Atualmente, a frase do professor Athos é o retrato do basquete: no Rio Grande do Sul, há ex-atletas de 17 anos.
Há 25 anos, o único título nacional
Umas das mais bonitas histórias do esporte do Rio Grande do Sul completou 25 anos em 17 de abril. Naquele final de semana, o então Pitt/Corinthians, transportou Santa Cruz do Sul para Porto Alegre, como uma forma de simbolizar a união dos gaúchos em torno de uma causa. Depois de sair perdendo para o Sabesp, de Franca, por 2 a 0, nas partidas de São Paulo, o time de Ary Vidal conseguiu a virada nos jogos de sexta, sábado e domingo, fechando a final do Campeonato Nacional de Basquete em 3 a 2, levando ao delírio os torcedores que lotaram o Ginásio Tesourinha nas três partidas.

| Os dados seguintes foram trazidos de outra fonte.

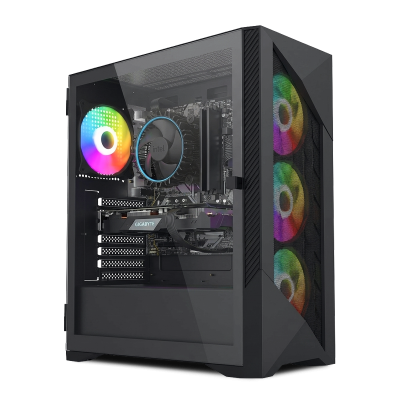 Intel Core i5 14400F | NVIDIA RTX 5060 Ti | Custom Gaming PC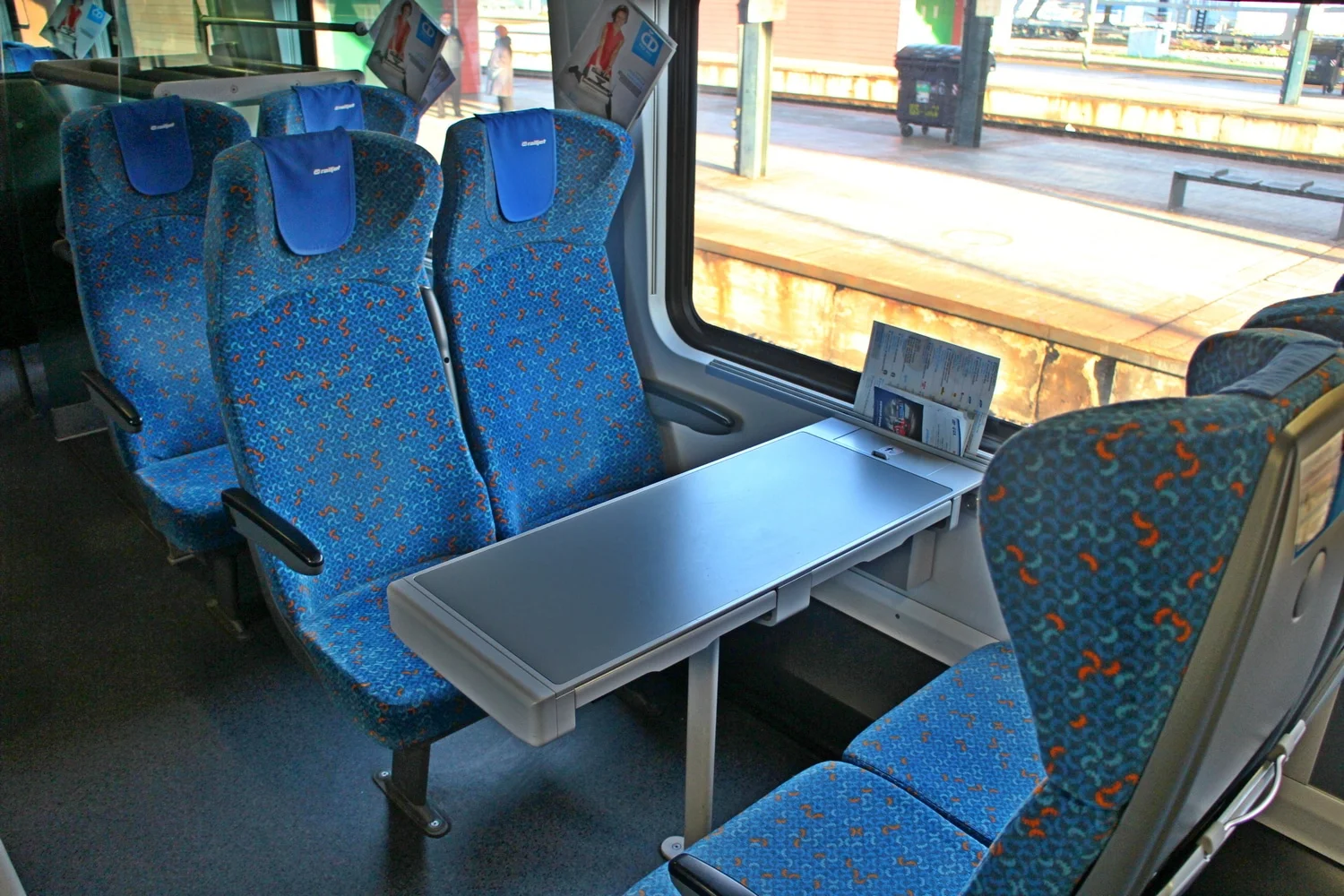 Prague to Vienna Train - Second Class Saver - Image 5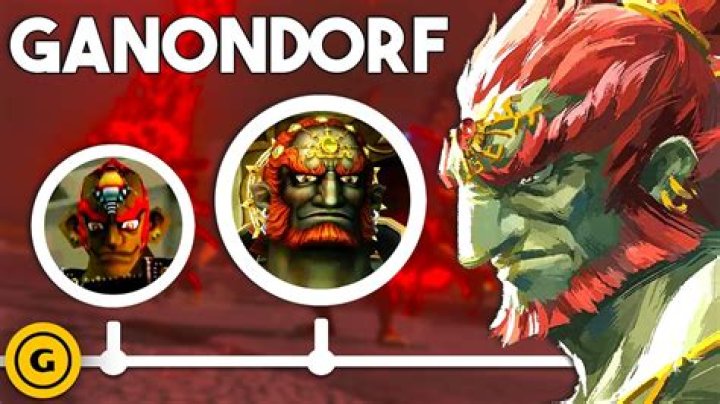Why did Ganondorf get the Triforce of Power?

Foi o auge do mais bem sucedido projeto do basquete que o Rio Grande do Sul já viu. Buscado depois de um mau resultado na seleção brasileira, Ary Vidal chegou a Santa Cruz com o objetivo de dar a volta por cima e retomar o maior período de sua carreira, quando foi o técnico do time de Oscar e Marcel que conquistou a medalha de ouro nos Jogos Pan-Americanos de Indianapolis, em 1987, diante dos Estados Unidos.
As ideias de Ary Vidal foram compradas pelos jogadores, simbolizados em nomes como o capitão João Batista, Cruxen e os americanos Brent Merritt e Alvin Frederick, protagonistas da ponte aérea que marcou o título nacional, realizada no segundo tempo do duelo final da decisão.
A história virou livro, contado pelo jornalista Guilherme Mazui, que, apesar de santa-mariense, criou suas raízes em Santa Cruz do Sul antes de se transferir para Brasília, onde reside e trabalha atualmente. A obra Corinthians do Ary Vidal (Editora Gazeta, 383 páginas) recupera a história daquele grande time desde suas origens, na contratação do técnico até os bastidores daquela conquista.
A frase de Ary Vidal, proferida ao final do campeonato, em tom meio de desabafo, meio de glória, está lá:
— Os 12 condenados foram absolvidos! –—bradou o treinador, que havia definido seu time com esse apelido por ter passado por várias dificuldades ao longo daquela temporada.
Mazui explica a obra:
— O livro se concentra nos quatro primeiros anos, de um total de sete em que Ary comandou o Corinthians, a primeira equipe a derrubar a hegemonia paulista. Não tem a pretensão de ser uma versão definitiva, é um registro do que foi possível reunir de dados, vídeos, fotos, reportagens e memórias. Trata-se de uma homenagem aos responsáveis por um período mágico do basquete gaúcho.